[OSM-dev] Question about Calculating Radius from GPS cord
R.E.Wolff at BitWizard.nl
Fri Aug 8 20:41:52 BST 2008
On Fri, Aug 08, 2008 at 11:02:15AM -0500, Fire Girl wrote:
> I think I am following you! :)
> Here is the math I have so far....
> Calculation: 5 miles
I'm assuming radius, not diameter. So we'll get a ~10mile square.
> of: 45.5 latitude
> and: 25.5 longitude
Note that Milo thinks this is inaccurate. He's right. But these
"quick" calculations are very efficient. If for example, you want to
select all OSM objects within 5 miles distance from a certain
coordinate, you damn well better do THIS math first, and only then use
proper geo-valid formulas to select the real ones.

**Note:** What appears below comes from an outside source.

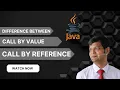 Understanding Call by Value and Call by Reference Explained Java Programming Tutorial Difference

The reason is that if you put all objects in the database through the
"calculate-distance-to-reference-point" formula, this will take ages,
but selecting on a 10 mile min longitude / max longitude and min
latitude max latitude first will be fast: There should be an index
on those elements of the database.
Now for some applications, the "quick-n-dirty" method is already good
So.... here we go.
kmpermile = 1.609;
circumferencekm = 40000;
circumferencemile = circumferencekm / kmpermile;
radius = 5; // Miles!
latitude = 45.5; // North
longitude = 25.5; // east!
delta = radius / (circumferencemile / 360);
latmin = latitude - delta;
latmax = latitude + delta;
longmin = longitude - delta / cos (latitude);
longmax = longitude + delta / cos (latitude);
which according to my calculator comes to:
latmin = 45.42759500000000000000
latmax = 45.57240500000000000000
longmin = 25.39669848650172993913
longmax = 25.60330151349827006087
Apparently the cosine changes by about 1 in 776 on this 5 mile stretch
of earth. So this square is only about 9.987 miles wide at the north
end, and 10.013 miles wide a the south end.
Similar differences can be expected to crop up because the earth is
not a perfect sphere.
> so, for the latitude, (i.e. add and subtract 2.5/69ths of a degree of
> With 5 miles assumed, and using that forumla, the distance from 45.5
> would be:
> 45.505797 (on the plus side)
> 45.494203 (on the minus side)
> Right? :)
> but on the Longitude side, (i.e. 2.5/f) .... f = 69 * sin(latitude)
> .... i am not so clear what Latitude number I should be using there and
> what that might look like.
> How do I look at least so far in my calculations? :)
> ----- Original Message -----
> From: "David Earl"
> To: "Fire Girl"
> Subject: Re: [OSM-dev] Question about Calculating Radius from GPS
> Date: Fri, 08 Aug 2008 16:02:10 +0100
> On 08/08/2008 14:30, Fire Girl wrote:
> > I am working with OSM data, and would like to be able to spec out
> > 5 mile bounding boxes from certain GPS points.
> > After research into this problem, I am to understand that each
> > degree of latitude is approximately 69 miles (111 kilometers)
> > apart with a slight variance (68.703 - 69.407 miles) between the
> > equator and the poles, and that each degree of longitude is
> > widest at the equator @ 69.172 miles (111.321 kilometers) and
> > gradually shrinks to zero at the poles. : ) :)
> > So what does this mean? If I want to take a input point, like lets
> > 167.9 lat
> > -29.1 lon
> > or
> > -63.1
> > 18.1
> > Can someone say with authority, what the 'calculus' would be to
> > definitivly construct a NSWE bounding box with a 5 mile radius
> > around those points?.... that would be basically close enough or
> > accurate? :)
> If you want accuracy, then you are asking the wrong question,
> because the "bounding box" will be a curved section of a surface of
> the earth (or, rather, the approximation to it defined by the
> ellipsoid for the datum you're using for the lat/lon coordinates -
> unless you want to start taking altitude and terrain into account),
> not a flat straight-edged box. So if you want to talk in terms of
> flat bounding boxes, you have to start asking "in what projection?"
> If all you want is the lat/lon of the corners an approximate box
> parallel to lines of latitude and longitude approx 5 miles across,
> you could indeed just add and subtract 2.5/69ths of a degree of
> latitude and 2.5/f of a degree of longitude, where f is the approx
> length of one degree at that latitude, i.e. f = 69 * sin(latitude)
> miles (with the reasonable approximation that the earth is a
> sphere, so the trigonometry is trivial).